◆ **TASK INSTRUCTIONS**
Below is a listing. Write out exactly its lines between the one holding "Red poppy flowers" and the one holding "KURT GEIGER London", inclusive.

+++ SOURCE MATERIAL +++

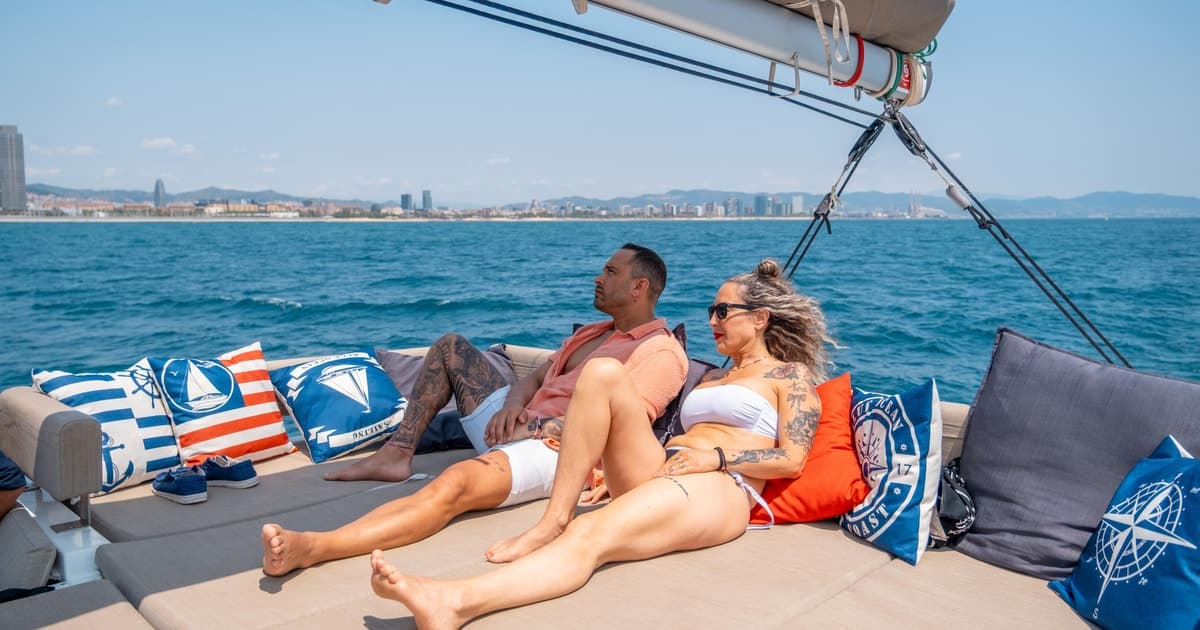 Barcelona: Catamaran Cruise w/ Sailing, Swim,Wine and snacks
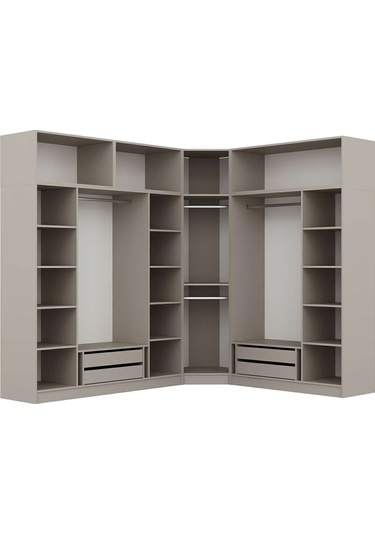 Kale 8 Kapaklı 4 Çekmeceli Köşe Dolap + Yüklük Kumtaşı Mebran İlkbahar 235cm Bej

+++
+++ SOURCE MATERIAL +++

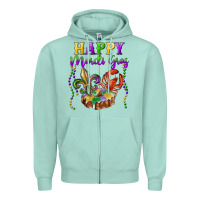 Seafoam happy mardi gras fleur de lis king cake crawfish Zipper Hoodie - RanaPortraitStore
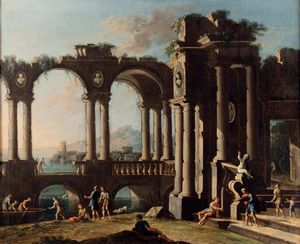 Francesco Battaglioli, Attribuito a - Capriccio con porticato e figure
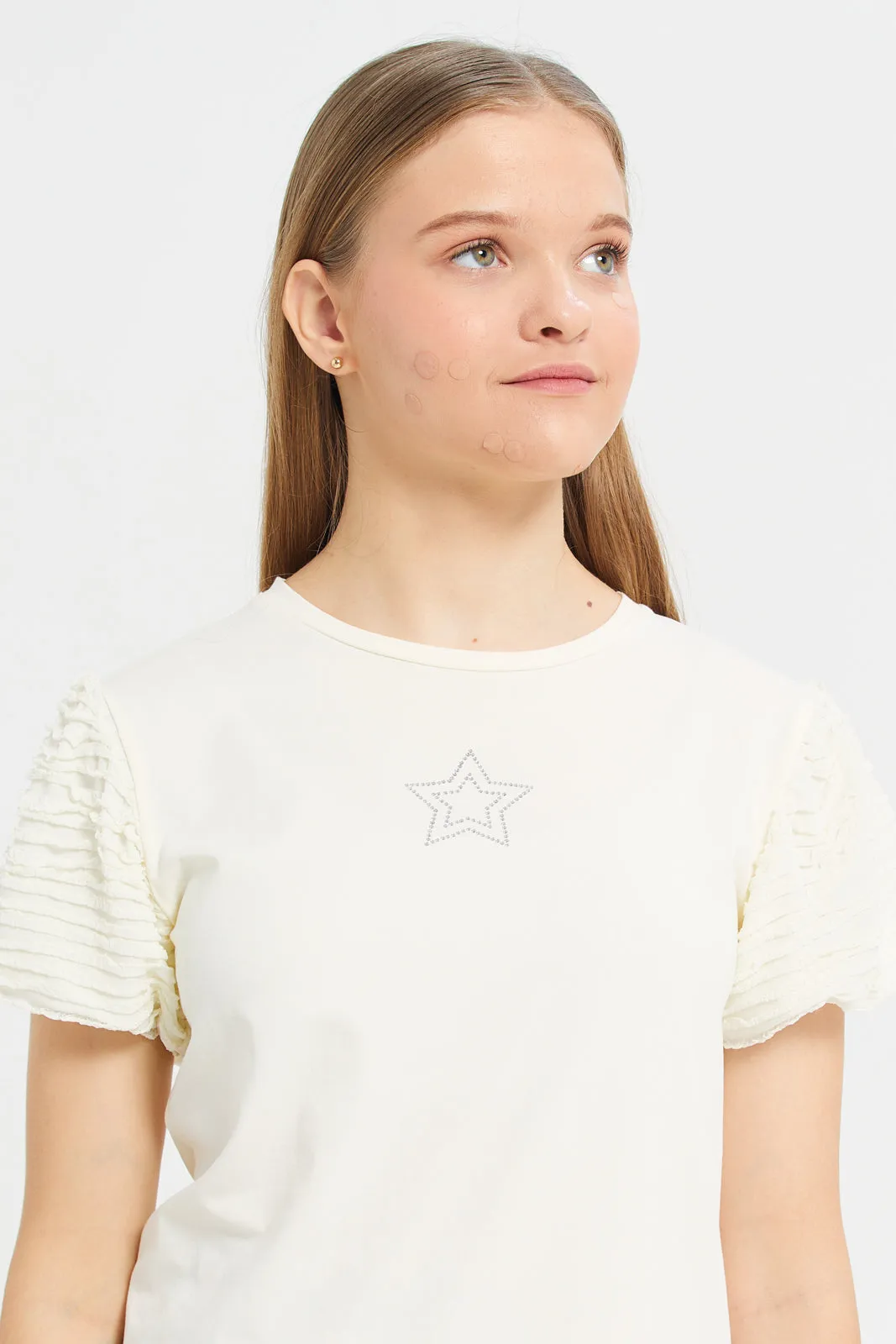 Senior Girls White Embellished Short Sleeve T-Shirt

+++
+++ SOURCE MATERIAL +++

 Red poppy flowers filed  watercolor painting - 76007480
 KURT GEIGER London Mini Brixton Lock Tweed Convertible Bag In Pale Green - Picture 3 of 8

+++

◆ **PROBLEM SOLUTION**
 Red poppy flowers filed  watercolor painting - 76007480
 KURT GEIGER London Mini Brixton Lock Tweed Convertible Bag In Pale Green - Picture 3 of 8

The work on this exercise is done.